El domingo 19 de enero celebramos la Jornada mundial de las migraciones, una Jornada que nos llama a hacer examen de conciencia para ver la idea que tenemos del inmigrante y la acogida que les hacemos como creyentes. Con el emigrante y refugiado se nos pide como Iglesia que ejerzamos con ellos nuestro apostolado, es decir, que les anunciemos a Jesús y apoyemos sus creencias y principales convicciones más profundas.

Para conocer un inmigrante debemos comenzar por conocer su personalidad y sentimientos. Todos los hombres somos peregrinos en la tierra. La conciencia de peregrinar está profundamente escrita en la naturaleza humana desde el principio (en las religiones judaica o cristiana, por ejemplo); los cristianos se sienten «el pueblo de Dios» peregrinando por el desierto de la historia. Cada uno de nosotros tiene derecho a llamarse a sí mismo «homo viator», el hombre en camino.
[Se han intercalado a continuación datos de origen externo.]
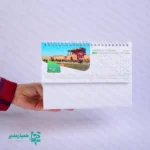 🗓️🇮🇷 تقویم‌های رومیزی ایران‌گردی «زمان به روایت» مجموعه‌ای فرهنگی و چشم‌نواز از کیمیا هنر است که در هر صفحه، شما را به گوشه‌ای از سرزمین تاریخ‌ساز ایران می‌برد. از بناهای باستانی و فرهنگی گرفته تا جاذبه‌های طبیعی و ملی، هر تصویر به زیبایی یادآور شکوه و تنوع سرزمین‌مان خواهد بود. ✨ این تقویم‌ها در سه اندازه بزرگ، متوسط و کوچک طراحی شده‌اند تا برای هر میز، سلیقه و فضای کاری گزینه‌ای مناسب و شکیل باشند. وزن بسیار سبک و ساختار مقاوم آن، استفاده‌ی روزمره را آسان و دل‌پذیر کرده است. 🎨 رنگ‌بندی خاص: مشکی، سفید و سبز — رنگ‌هایی الهام‌گرفته از هویت ایرانی و سادگی مینیمال. ترکیب این سه رنگ جلوه‌ای رسمی، فرهنگی و اصیل به فضای کاری شما می‌دهد. ✍️ قابلیت شخصی‌سازی: در بخش پایینی تقویم، می‌توانید نام شخصی یا عنوان مجموعه و سازمان خود را درج کنید. این ویژگی، آن را به انتخابی مناسب برای هدیه‌های فرهنگی، سازمانی و تبلیغاتی تبدیل کرده است. اگر به فرهنگ، تاریخ و زیبایی‌های این خاک علاقه‌مندید، تقویم رومیزی ایران‌گردی – تلفیقی از هویت ایرانی و طراحی مدرن است که حضورش بر روی میز کار شما حس غرور و آرامش وطن را زنده می‌کند. 🇮🇷🕰️ ✨ تولید و عرضه اختصاصی توسط کیمیا هنر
La emigración a otro país produce en el emigrante todo un conjunto de contrastes que podríamos resumir en dos: por una parte, el abandono de sus raíces, del ambiente familiar y social, bien conocidos y muy queridos; por otro, la colisión con otra sociedad, realidad, cultura, lengua, etc. Ambas situaciones son importantes y son fuente, en muchas ocasiones, de todo tipo de crisis.

Pero fijémonos no tanto en los aspectos negativos con los que se encuentra el emigrante sino en aquellos otros positivos que el emigrante aporta: el inmigrante/emigrante es un «hombre de esperanza»: es la esperanza de un futuro mejor pues, lleno de esta esperanza, con la maleta cargada de sueños, va directamente al futuro. Este camino le transforma y le identifica con tantos personajes bíblicos (Abraham, la Sagrada Familia de Nazaret, etc.) y, a la vez, le hace ser testigo de la esperanza en medio de ese mundo al que ha emigrado, tantas veces muy falto de esta esperanza.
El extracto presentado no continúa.